Psoriatic arthritis (PsA) is a type of arthritis that causes joint pain and swelling. It is also known as arthropathic psoriasis or psoriatic arthropathy. It can happen with psoriasis.
Psoriatic arthritis, sometimes referred to as PsA, also causes swelling and pain in areas where ligaments and tendons connect to bone. Without treatment, psoriatic arthritis can lead to permanent joint damage.
This article will look at the symptoms, risk factors, and complications of psoriatic arthritis. It will also address treatment options.
Psoriatic arthritis is an autoimmune condition. With autoimmune conditions, the body falsely recognizes healthy tissues as foreign invaders and produces antibodies to attack them. This leads to pain, inflammation, and damage.
According to the National Psoriasis Foundation (NPF), people can develop psoriatic arthritis at any age. However, it is most likely to occur between 30–50 years.
Psoriatic arthritis types
There are different manifestations of psoriatic arthritis. They include:
- Spondylitis or axial disease: An inflammation of the spinal joints and sacroiliac joints of the lower back affecting 7–32% of people with psoriatic arthritis.
- Enthesitis: An inflammation of the enthesis, which is the area where the ligament, tendon, or fascia connect to bones, such as those of the feet, back of heels, or hips. This affects about 50% of people with psoriatic arthritis.
- Dactylitis: Puffy sausage-like swelling of fingers and toes affecting 40% of people with psoriatic arthritis.
- Peripheral arthritis: Inflammation of the large or small joints of the upper and lower extremities.
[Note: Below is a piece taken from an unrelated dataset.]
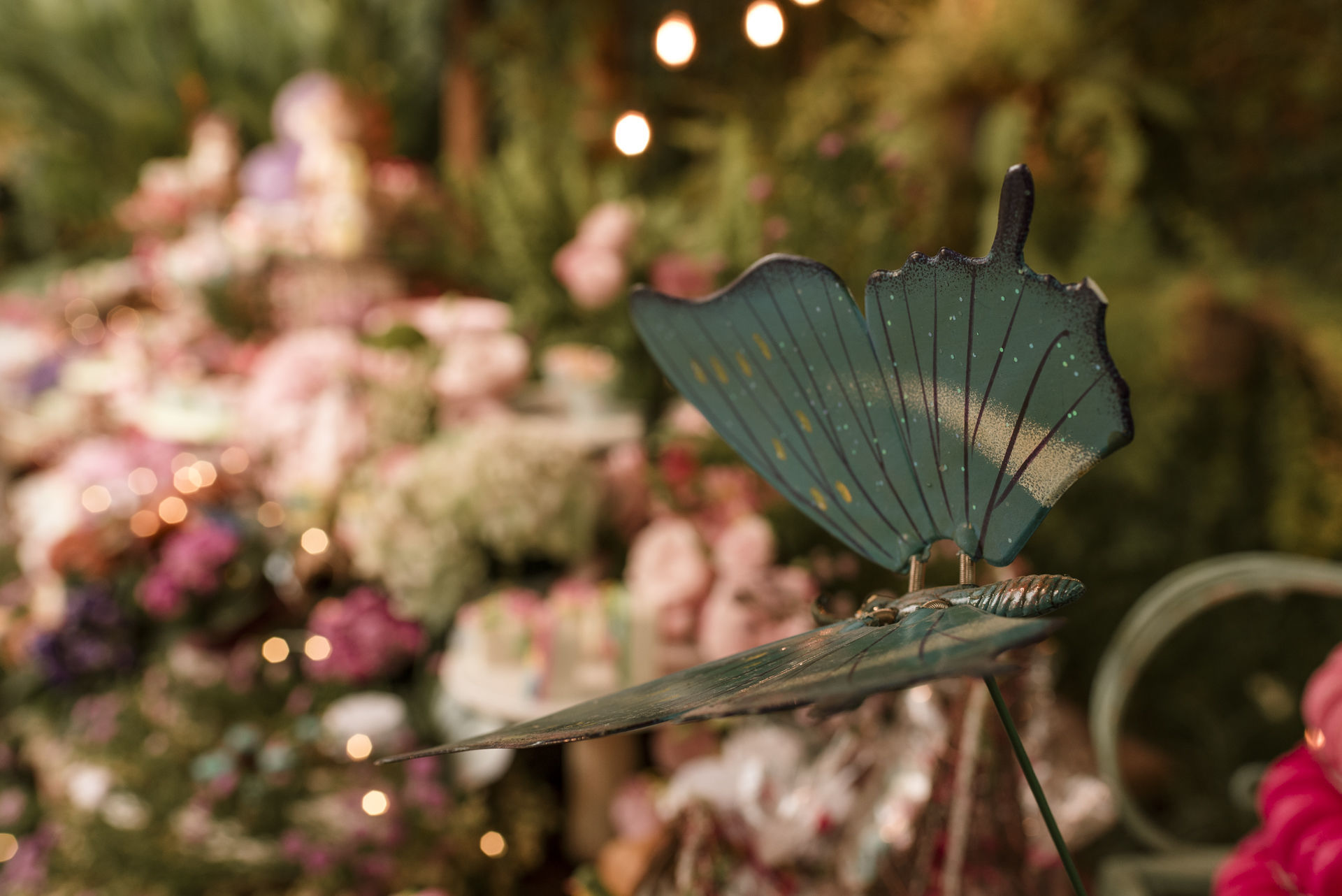 Foto Liz | Festa de 1 ano - Imagem 5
- Skin and nail disease: Nail pitting and separation of the nail from the nail bed. This can occur with discoloration of the nails that may be hard to distinguish from fungal infections of the nail.
Psoriatic arthritis affects people differently.
- joint pain
- joint stiffness
- joint swelling
- swollen, sausage-shaped fingers
- skin lesions
- nail changes
- pain and swelling where the tendons meet the bone, known as enthesitis
- inflammatory bowel disease (IBD) in some cases
Where can psoriatic arthritis affect the body?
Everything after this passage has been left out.